Deutsche rechtsextreme Stiftung erhält staatliche Förderung

Die Desiderius-Erasmus-Stiftung mit Verbindungen zur rechtspopulistischen AfD forderte Gleichbehandlung und ihren gerechten Anteil an der Unterstützung aus öffentlichen Kassen. Diese Woche hat das Bundesverfassungsgericht zu seinen Gunsten entschieden.

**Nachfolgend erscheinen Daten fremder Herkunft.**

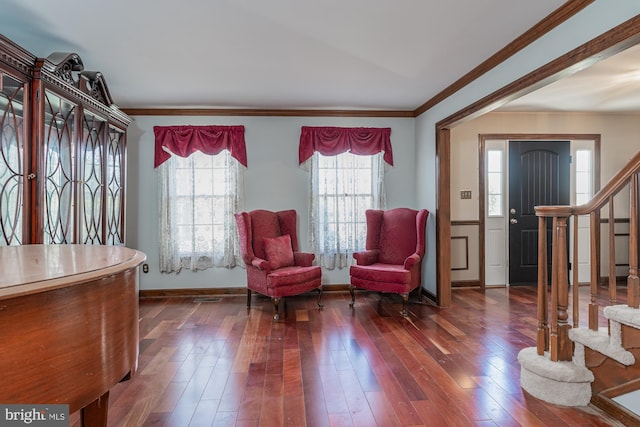 living area featuring dark hardwood / wood-style floors and crown molding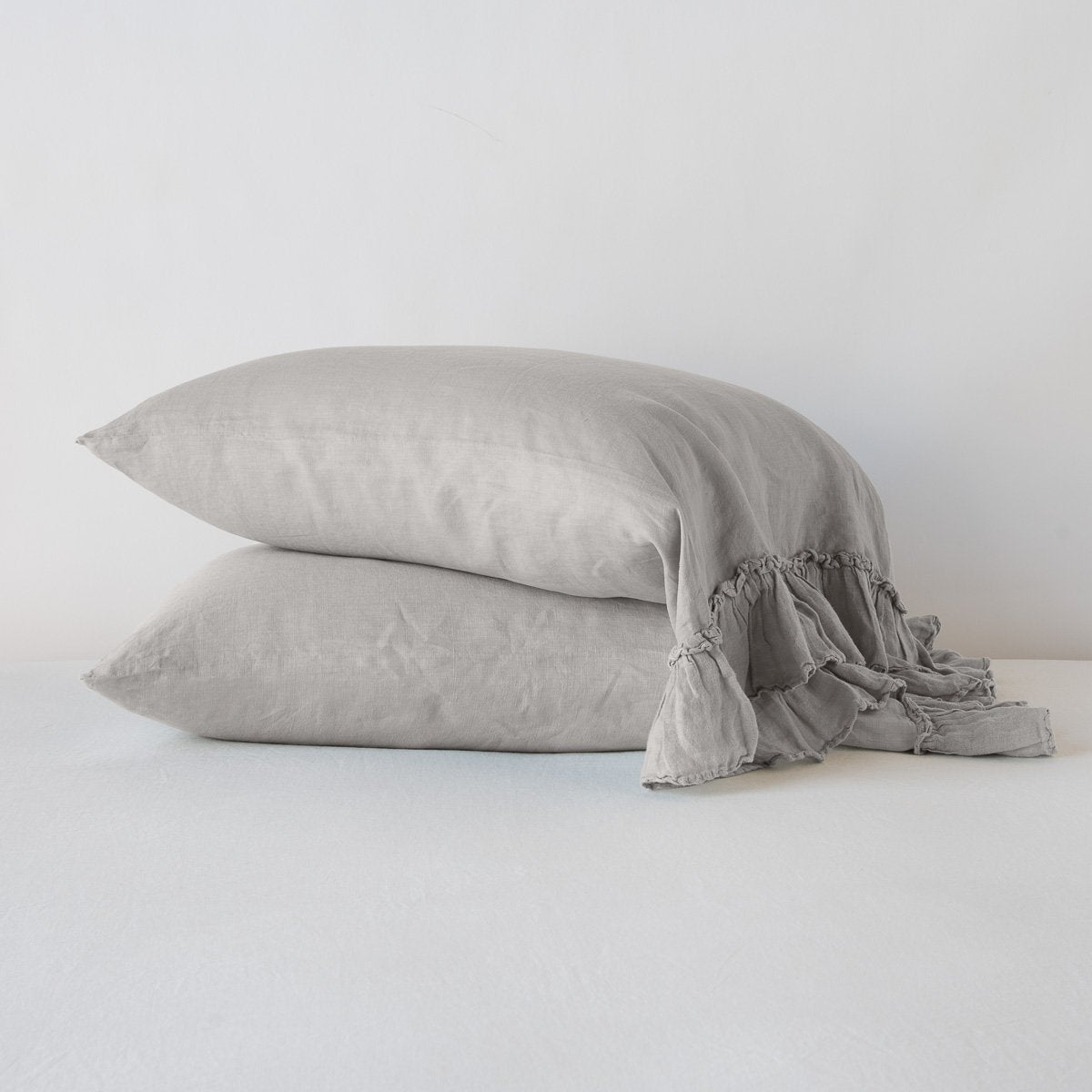 : Two Linen Whisper sleeping pillows, stacked at a slight angle against a plain background, showcasing ruffle trim detail - fog, side view.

Politische Stiftungen in Deutschland haben die Aufgabe, Menschen im In- und Ausland zu politischen Themen aufzuklären – ihre Tätigkeit umfasst die Organisation von Veranstaltungen, die Durchführung von Forschung und die Vergabe von Stipendien. Sie sind meist nach berühmten Politikern benannt: Die CDU-nahe Stiftung ist nach Konrad Adenauer, dem ersten deutschen Bundeskanzler, benannt. Die Stiftung der Sozialdemokraten (SPD) ist nach Friedrich Ebert benannt, dem ersten Bundespräsidenten der Weimarer Republik im Jahr 1919. Für die sozialistische Linkspartei ist es Rosa Luxemburg, Mitbegründerin der KPD ). Die Grünen entschieden sich für Literaturnobelpreisträger Heinrich Böll.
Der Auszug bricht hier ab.